> **What is expected**
Images should not appear in the copy, yet every line of the listing below must be printed exactly.
##### Data shown #####
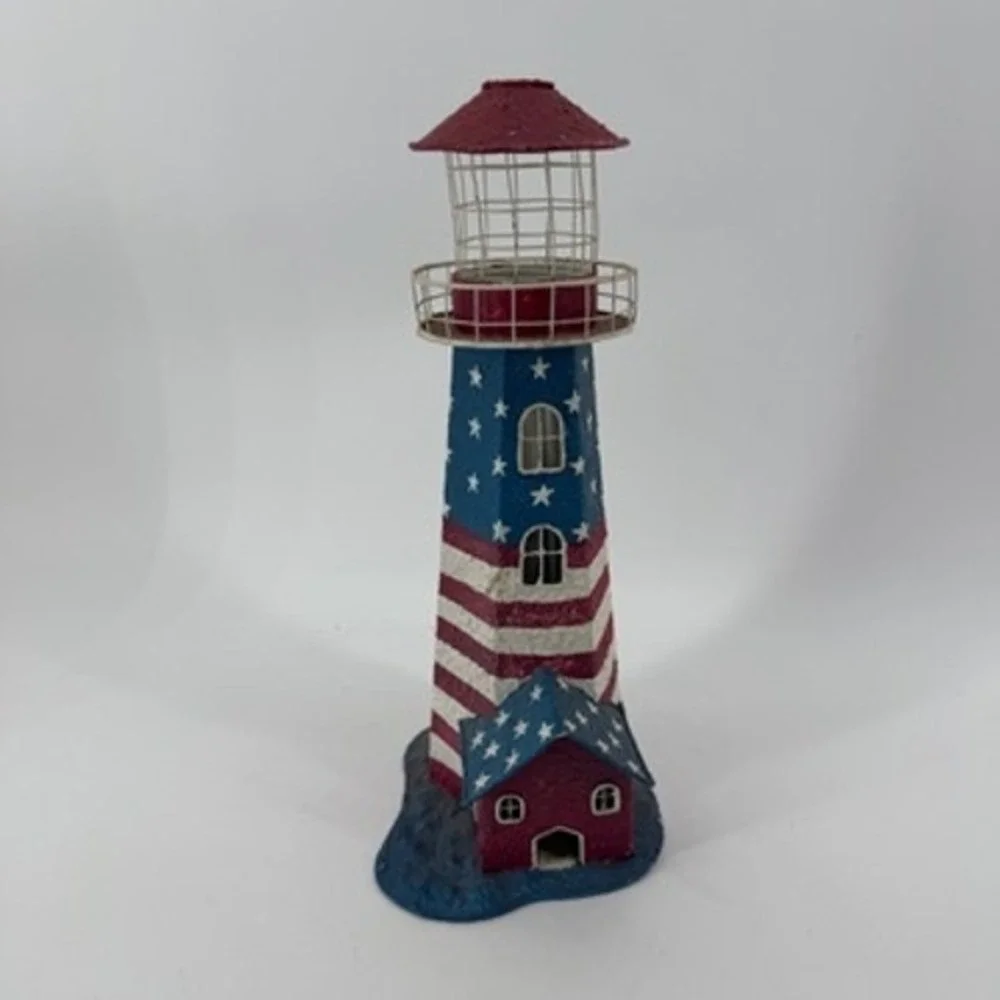 Patriotic American Flag Lighthouse Figurine Red White Blue Stars Stripes 12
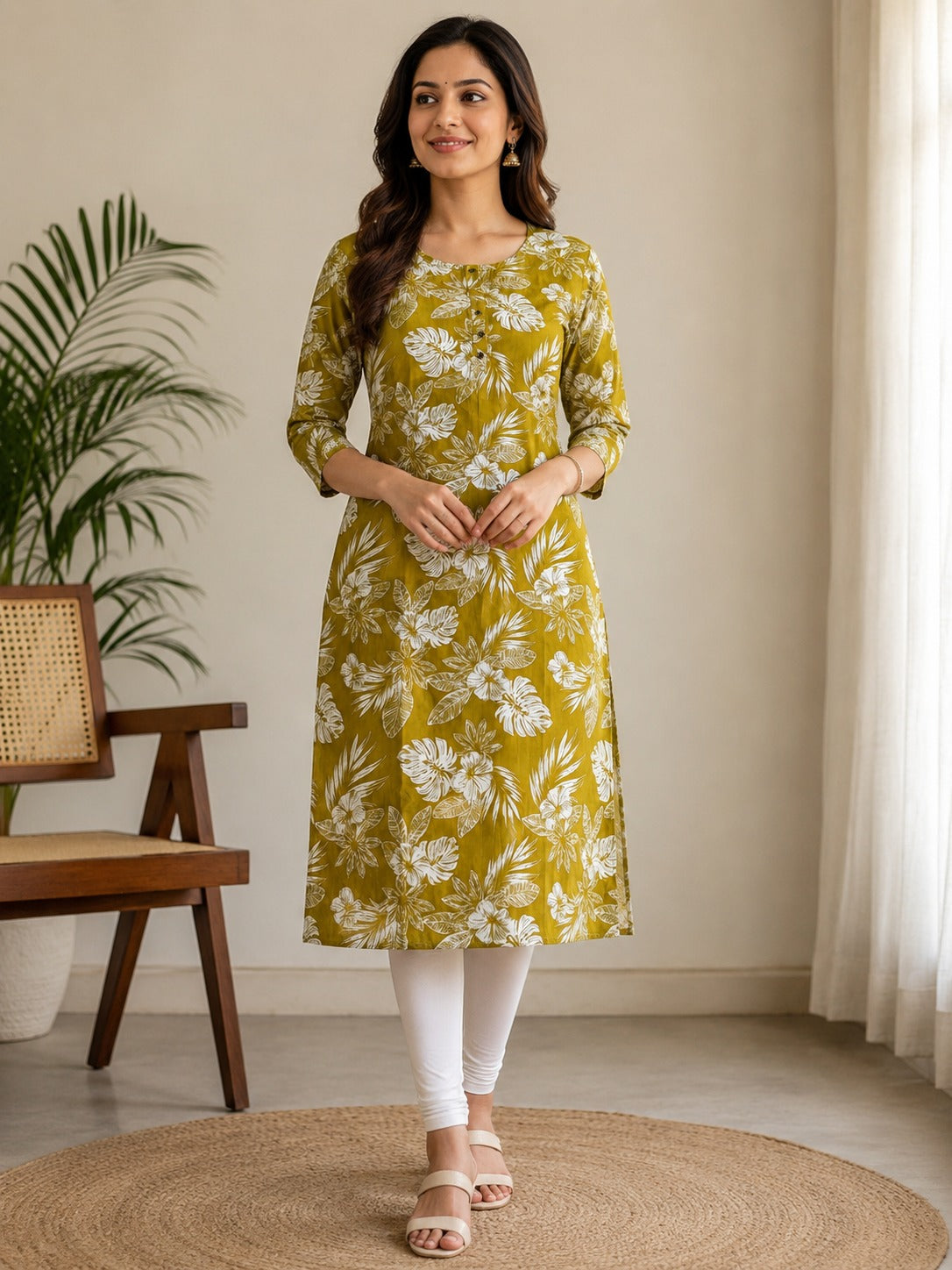 Mustard Yellow Floral Printed Women’s Cotton Kurti Top | Stylish Casual & Daily Wear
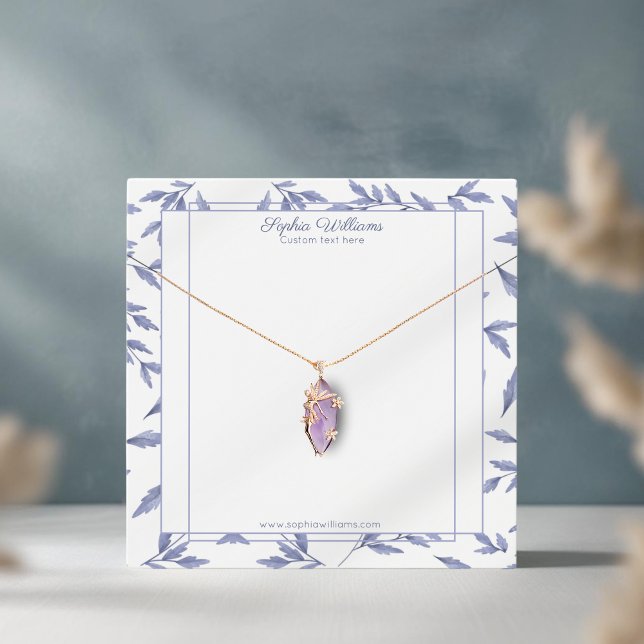 Elegant french blue toile necklace display card (Creator Uploaded)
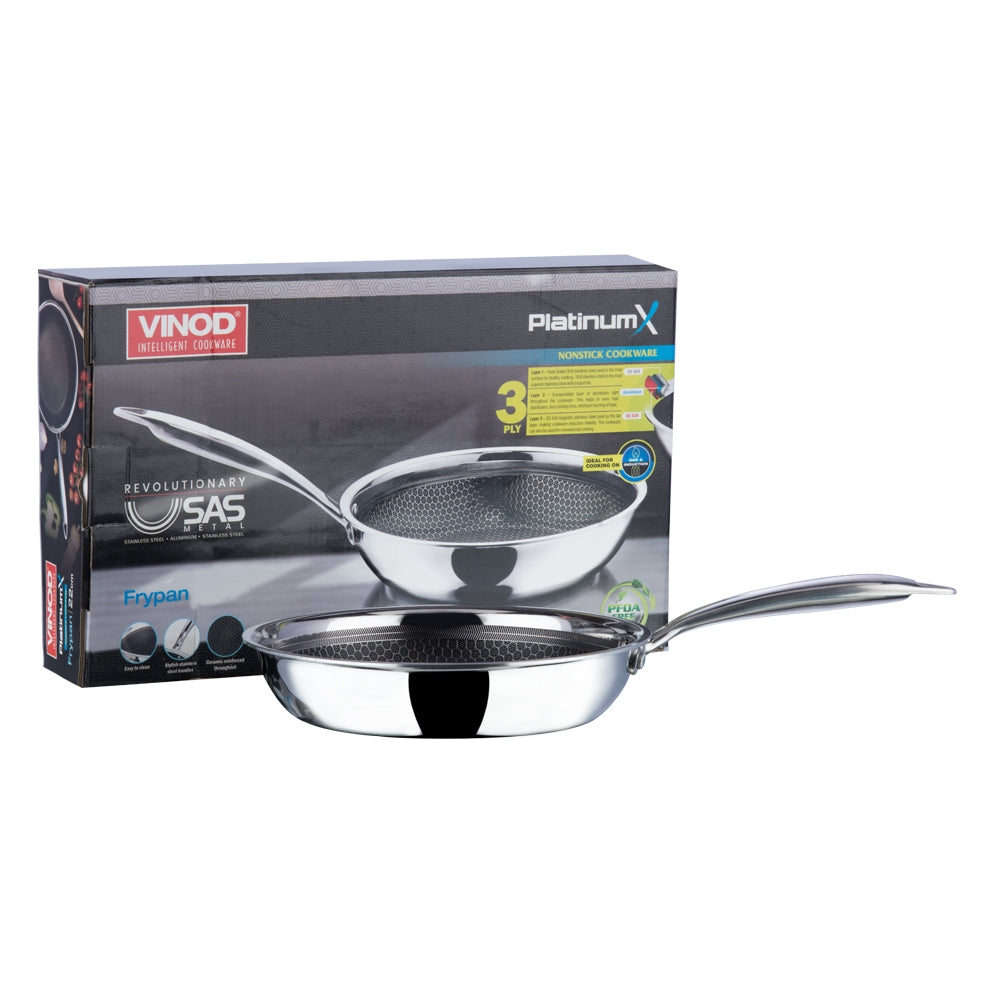 Induction Safe Triply Stainless Steel SAS Pro Non Stick Fry Pan - Vinod Cookware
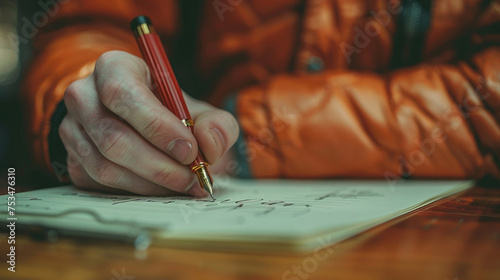 Person Writing on Paper With Pen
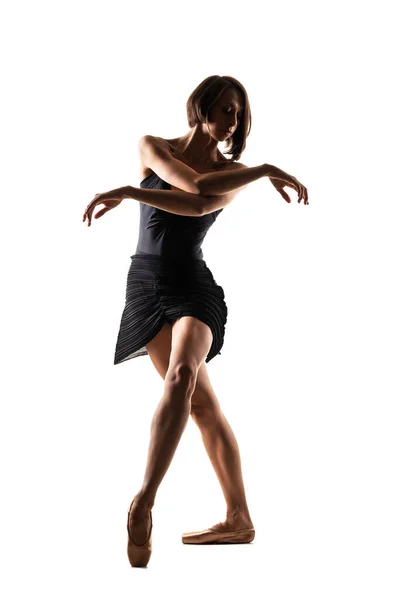 Bailarina Com Elegante Vestido Preto Posando Contra Fundo Branco — Fotografia de Stock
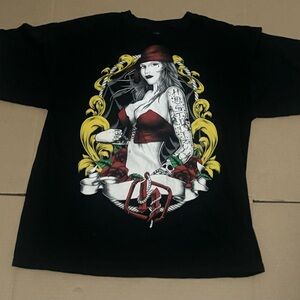 Graphic Black T-Shirt with Red and Yellow Accents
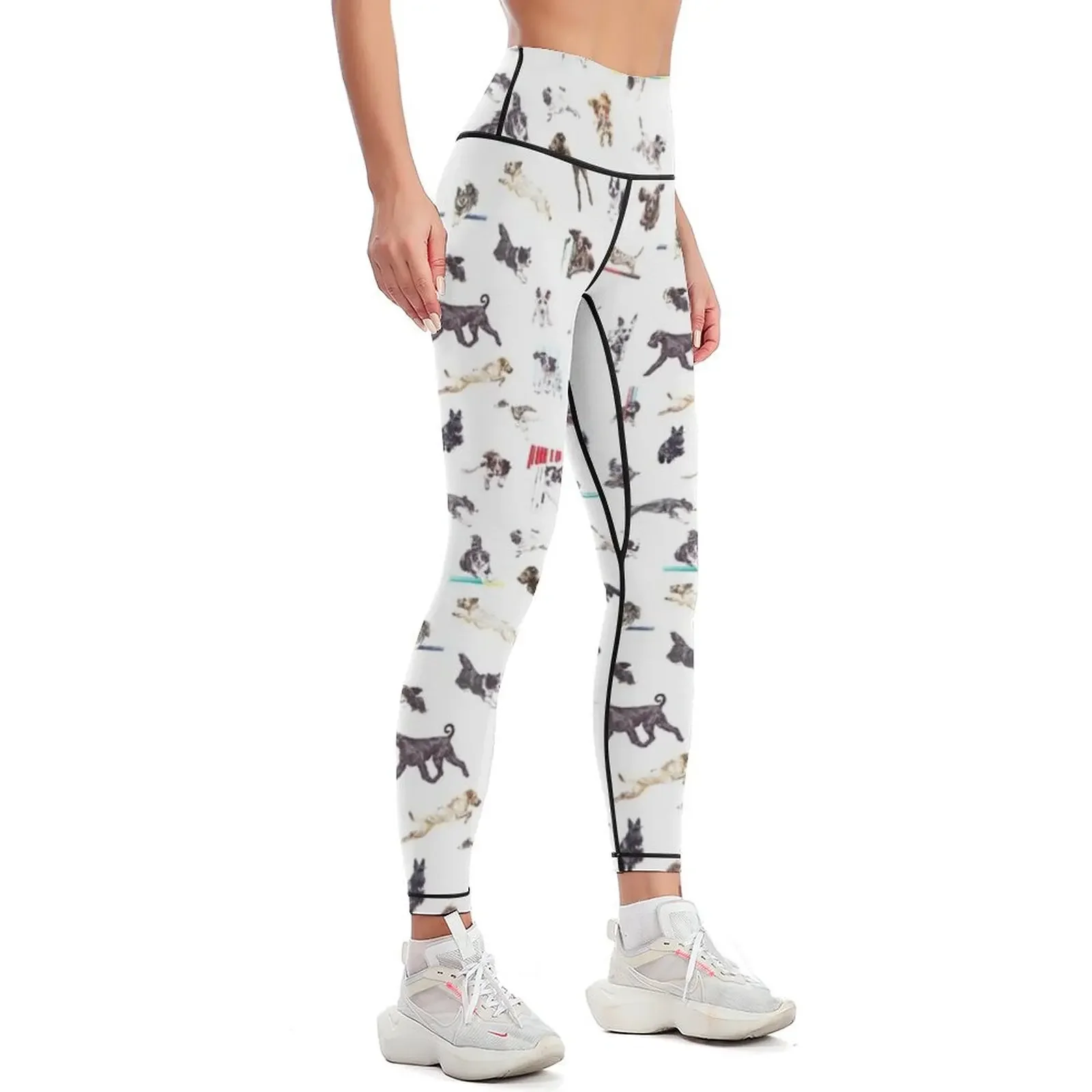 May the Course be With You - Dog Agility Pattern Leggings Pants sport Golf wear legging gym Women's tights Womens Leggings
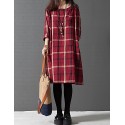 Women's Casual/Cute/Plus Sizes Check Contrast Color Inelastic Long Sleeve Knee-length Loose Dress (Cotton/Linen)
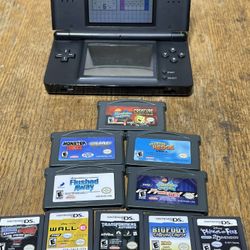Nintendo DS Lite Onyx/Black Console Lot 10 Games + Charger + Tested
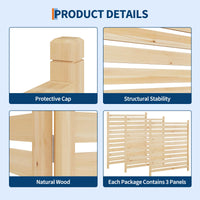 Clôture d'extérieur Garvee 33 x 40 pouces, en bois avec jardinière intégrée, idéale pour terrasse et jardin. Résistante aux intempéries, robuste et autoportante. Bois naturel.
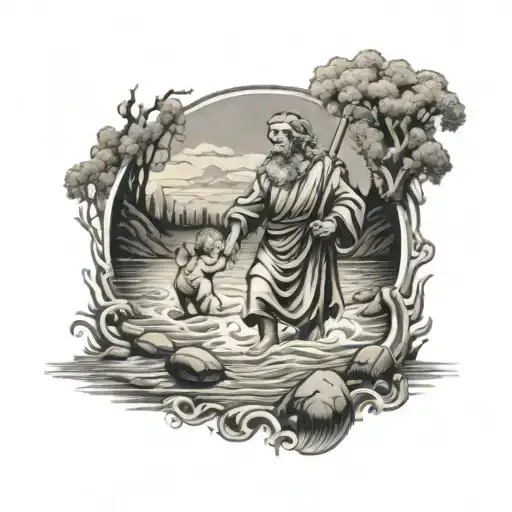 st Christopher walking through river carrying child to safety - Variation 2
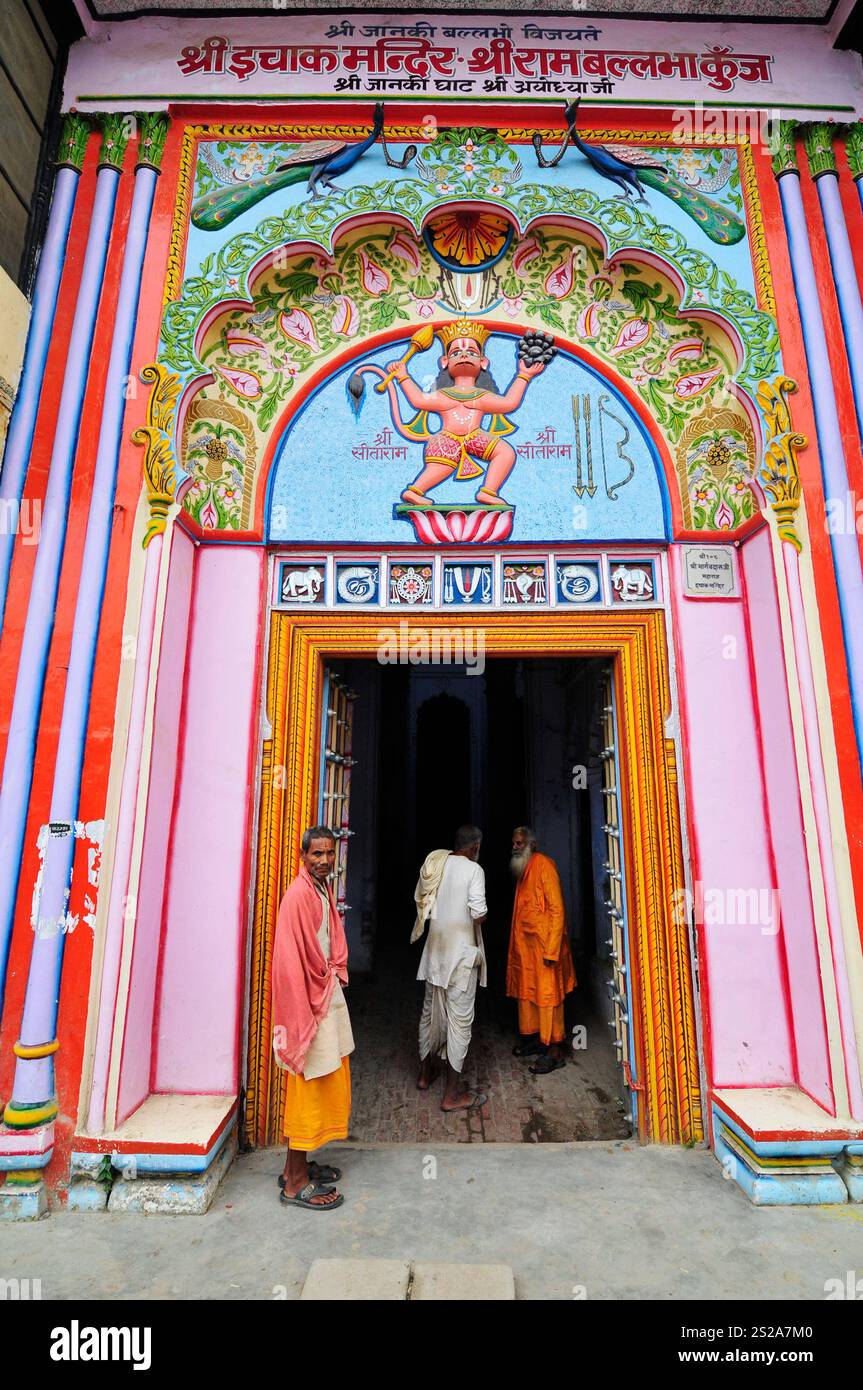 Shri Bade Hanuman Ji Tempel in Ayodhya, Uttar Pradesh, Indien. Stockfoto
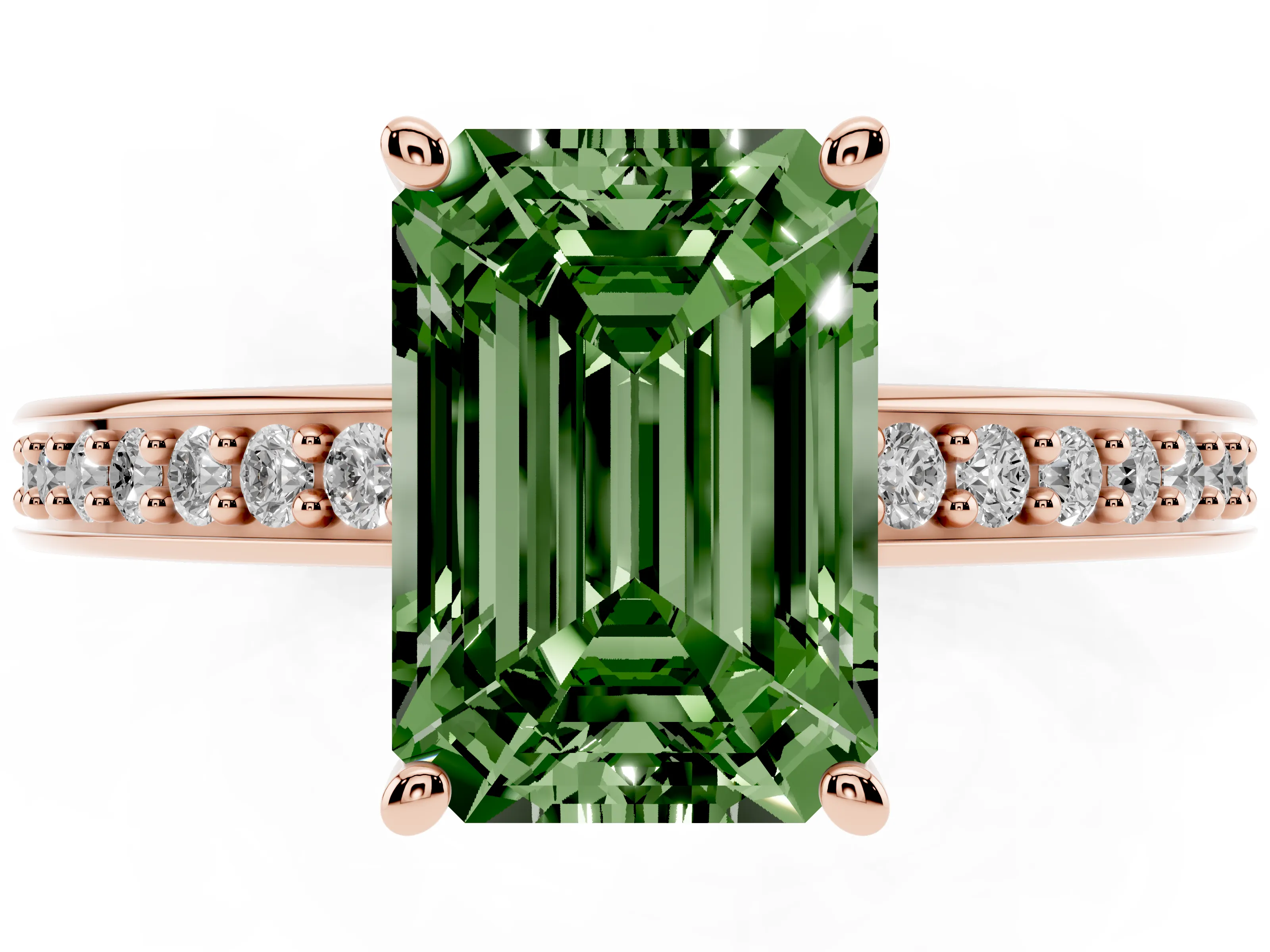 Fancy Green Emerald Cut Diamond Pavé Band Prong Set Solitaire Ring Set in Rose gold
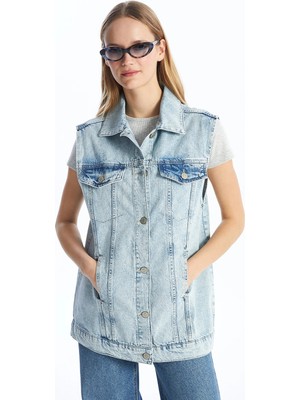 LC Waikiki Lcw Modest Indigo Gömlek Yaka Kadın Jean Yelek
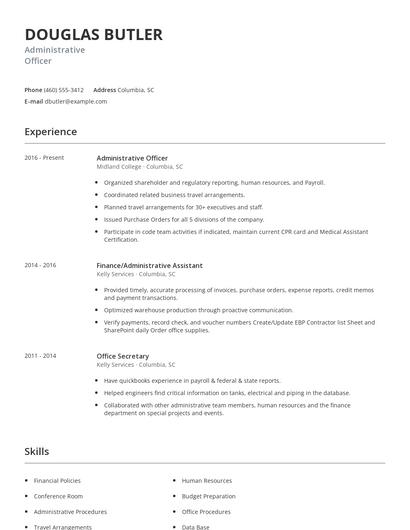 Administrative Officer Resume
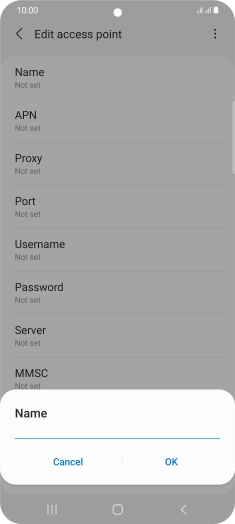Key in EE Internet and press OK.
#####
> **Task output**
 Patriotic American Flag Lighthouse Figurine Red White Blue Stars Stripes 12
 Mustard Yellow Floral Printed Women’s Cotton Kurti Top | Stylish Casual & Daily Wear
 Elegant french blue toile necklace display card (Creator Uploaded)
 Induction Safe Triply Stainless Steel SAS Pro Non Stick Fry Pan - Vinod Cookware
 Person Writing on Paper With Pen
 Bailarina Com Elegante Vestido Preto Posando Contra Fundo Branco — Fotografia de Stock
 Graphic Black T-Shirt with Red and Yellow Accents
 May the Course be With You - Dog Agility Pattern Leggings Pants sport Golf wear legging gym Women's tights Womens Leggings
 Women's Casual/Cute/Plus Sizes Check Contrast Color Inelastic Long Sleeve Knee-length Loose Dress (Cotton/Linen)
Nintendo DS Lite Onyx/Black Console Lot 10 Games + Charger + Tested
 Clôture d'extérieur Garvee 33 x 40 pouces, en bois avec jardinière intégrée, idéale pour terrasse et jardin. Résistante aux intempéries, robuste et autoportante. Bois naturel.
 st Christopher walking through river carrying child to safety - Variation 2
 Shri Bade Hanuman Ji Tempel in Ayodhya, Uttar Pradesh, Indien. Stockfoto
 Fancy Green Emerald Cut Diamond Pavé Band Prong Set Solitaire Ring Set in Rose gold
 LC Waikiki Lcw Modest Indigo Gömlek Yaka Kadın Jean Yelek
 Administrative Officer Resume
Key in EE Internet and press OK.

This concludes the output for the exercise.